231658 Mountain megaregions: A policy prescription

Wednesday, November 10, 2010 : 11:30 AM - 11:50 AM

Robert Lang, PhD , Brookings Mountain West, University of Nevada, Las Vegas, Las Vega, NV
Lang will address how Brookings has published since 1996 on the health and prosperity of metropolitan areas and their components (www.brookings.edu/metro). Seventy per cent of the economic and population growth in the United States is forecast for the 10-12 megaregions of the country, such as the Front Range which includes the Denver metropolitan region. Not all metros are expected to grow at the same rate (primarily births, immigration, and domestic in-migration), however, nor experience the stresses related to natural resource depletion or shortages, transportation, unemployment, housing stock and affordability, population health, impacts of climate change and the like. Using the examples from the involved states of the southern intermountain region (sprawling parts of Arizona, Colorado, New Mexico, Utah), He will discuss characteristics of the five megaregions of the western United States and their collective potential impact, including political, as a new Heartland of America.

Learning Areas:
Public health or related public policy

Learning Objectives:
Identify policy areas of concern with regard to the high per cent of foreign immigrants residing in the five Mountain megaregions.
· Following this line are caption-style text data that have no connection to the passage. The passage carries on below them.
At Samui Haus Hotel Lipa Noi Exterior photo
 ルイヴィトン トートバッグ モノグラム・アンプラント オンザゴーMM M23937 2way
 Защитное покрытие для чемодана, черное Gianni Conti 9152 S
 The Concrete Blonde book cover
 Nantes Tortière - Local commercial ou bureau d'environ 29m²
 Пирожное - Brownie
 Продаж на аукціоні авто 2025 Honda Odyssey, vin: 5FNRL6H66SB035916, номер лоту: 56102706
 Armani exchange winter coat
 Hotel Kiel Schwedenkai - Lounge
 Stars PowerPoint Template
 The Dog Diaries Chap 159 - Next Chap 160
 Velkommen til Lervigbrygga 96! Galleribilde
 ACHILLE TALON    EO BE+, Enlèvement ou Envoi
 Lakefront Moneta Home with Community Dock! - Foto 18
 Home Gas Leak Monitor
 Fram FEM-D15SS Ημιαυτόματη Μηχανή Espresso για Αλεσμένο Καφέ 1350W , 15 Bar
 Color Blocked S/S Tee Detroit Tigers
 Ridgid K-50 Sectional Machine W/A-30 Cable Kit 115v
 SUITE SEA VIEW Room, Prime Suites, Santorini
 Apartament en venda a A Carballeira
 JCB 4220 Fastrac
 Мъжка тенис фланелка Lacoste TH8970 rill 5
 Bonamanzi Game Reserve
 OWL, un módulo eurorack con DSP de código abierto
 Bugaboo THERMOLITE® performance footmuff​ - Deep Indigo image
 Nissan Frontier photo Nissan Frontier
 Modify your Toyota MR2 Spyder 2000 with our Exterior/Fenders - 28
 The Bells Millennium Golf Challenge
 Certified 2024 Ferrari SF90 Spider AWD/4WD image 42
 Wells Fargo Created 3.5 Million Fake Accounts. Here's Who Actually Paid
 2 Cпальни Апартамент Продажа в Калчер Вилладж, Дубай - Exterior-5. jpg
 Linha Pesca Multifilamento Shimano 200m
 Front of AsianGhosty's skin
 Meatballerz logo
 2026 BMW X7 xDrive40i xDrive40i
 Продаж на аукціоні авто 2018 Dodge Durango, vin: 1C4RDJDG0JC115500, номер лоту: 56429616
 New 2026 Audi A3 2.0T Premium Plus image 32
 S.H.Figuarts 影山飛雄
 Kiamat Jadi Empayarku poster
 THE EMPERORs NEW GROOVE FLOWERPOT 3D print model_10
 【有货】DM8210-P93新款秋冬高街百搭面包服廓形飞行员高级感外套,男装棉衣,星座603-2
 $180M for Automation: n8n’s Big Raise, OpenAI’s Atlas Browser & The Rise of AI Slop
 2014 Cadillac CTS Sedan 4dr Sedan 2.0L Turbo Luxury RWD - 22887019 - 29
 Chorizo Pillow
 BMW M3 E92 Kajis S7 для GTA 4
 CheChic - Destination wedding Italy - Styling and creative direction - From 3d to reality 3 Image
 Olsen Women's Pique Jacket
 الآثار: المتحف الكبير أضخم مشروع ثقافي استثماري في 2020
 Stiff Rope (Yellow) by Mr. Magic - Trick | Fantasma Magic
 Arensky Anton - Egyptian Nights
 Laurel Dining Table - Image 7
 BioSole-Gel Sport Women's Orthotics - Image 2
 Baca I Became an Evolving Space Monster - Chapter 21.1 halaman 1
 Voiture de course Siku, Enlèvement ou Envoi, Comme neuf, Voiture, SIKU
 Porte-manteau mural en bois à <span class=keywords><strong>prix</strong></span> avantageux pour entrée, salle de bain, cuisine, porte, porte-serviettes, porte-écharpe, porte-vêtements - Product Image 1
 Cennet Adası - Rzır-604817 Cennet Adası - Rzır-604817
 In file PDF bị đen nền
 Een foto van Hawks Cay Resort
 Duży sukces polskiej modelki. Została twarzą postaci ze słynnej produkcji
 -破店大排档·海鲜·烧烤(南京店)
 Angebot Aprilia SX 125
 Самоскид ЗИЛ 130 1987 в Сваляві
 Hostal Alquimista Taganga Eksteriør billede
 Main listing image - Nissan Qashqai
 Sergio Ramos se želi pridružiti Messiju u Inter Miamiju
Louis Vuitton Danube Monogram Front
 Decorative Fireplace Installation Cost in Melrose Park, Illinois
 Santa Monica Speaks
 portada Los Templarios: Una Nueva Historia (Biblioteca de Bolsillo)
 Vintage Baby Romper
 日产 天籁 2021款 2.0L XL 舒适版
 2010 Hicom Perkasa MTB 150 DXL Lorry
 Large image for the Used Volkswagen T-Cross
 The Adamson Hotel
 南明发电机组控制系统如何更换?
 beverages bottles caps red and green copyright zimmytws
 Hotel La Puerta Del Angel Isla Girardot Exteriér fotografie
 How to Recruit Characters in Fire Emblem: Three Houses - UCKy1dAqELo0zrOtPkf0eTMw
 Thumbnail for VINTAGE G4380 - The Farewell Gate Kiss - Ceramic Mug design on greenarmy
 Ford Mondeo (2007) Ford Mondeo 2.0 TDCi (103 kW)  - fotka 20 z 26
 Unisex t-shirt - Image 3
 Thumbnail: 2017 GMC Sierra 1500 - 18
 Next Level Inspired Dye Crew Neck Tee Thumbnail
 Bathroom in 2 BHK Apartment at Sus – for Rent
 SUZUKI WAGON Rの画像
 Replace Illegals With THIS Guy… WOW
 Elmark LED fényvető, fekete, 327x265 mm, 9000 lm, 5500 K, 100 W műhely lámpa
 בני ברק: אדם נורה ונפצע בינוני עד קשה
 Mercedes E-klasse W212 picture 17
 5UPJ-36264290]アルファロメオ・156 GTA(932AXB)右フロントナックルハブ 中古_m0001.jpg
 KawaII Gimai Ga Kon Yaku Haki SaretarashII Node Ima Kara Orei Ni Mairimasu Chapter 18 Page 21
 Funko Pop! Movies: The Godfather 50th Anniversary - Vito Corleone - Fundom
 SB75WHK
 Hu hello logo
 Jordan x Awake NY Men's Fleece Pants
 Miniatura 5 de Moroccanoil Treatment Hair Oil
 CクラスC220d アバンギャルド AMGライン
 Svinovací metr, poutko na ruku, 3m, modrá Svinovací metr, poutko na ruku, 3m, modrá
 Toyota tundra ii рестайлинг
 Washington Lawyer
Presenting author's disclosure statement:

Qualified on the content I am responsible for because: As as urban planning and policy expert, I have focused on Lang focuses on suburban studies, demographic and spatial analysis, economic development, metropolitan governance, transportation, the "built environment," and the Intermountain West. I am a professor of sociology at the University of Nevada, Las Vegas, co-director of Brookings Mountain West and director of the Lincy Foundation.
Any relevant financial relationships? No

I agree to comply with the American Public Health Association Conflict of Interest and Commercial Support Guidelines, and to disclose to the participants any off-label or experimental uses of a commercial product or service discussed in my presentation.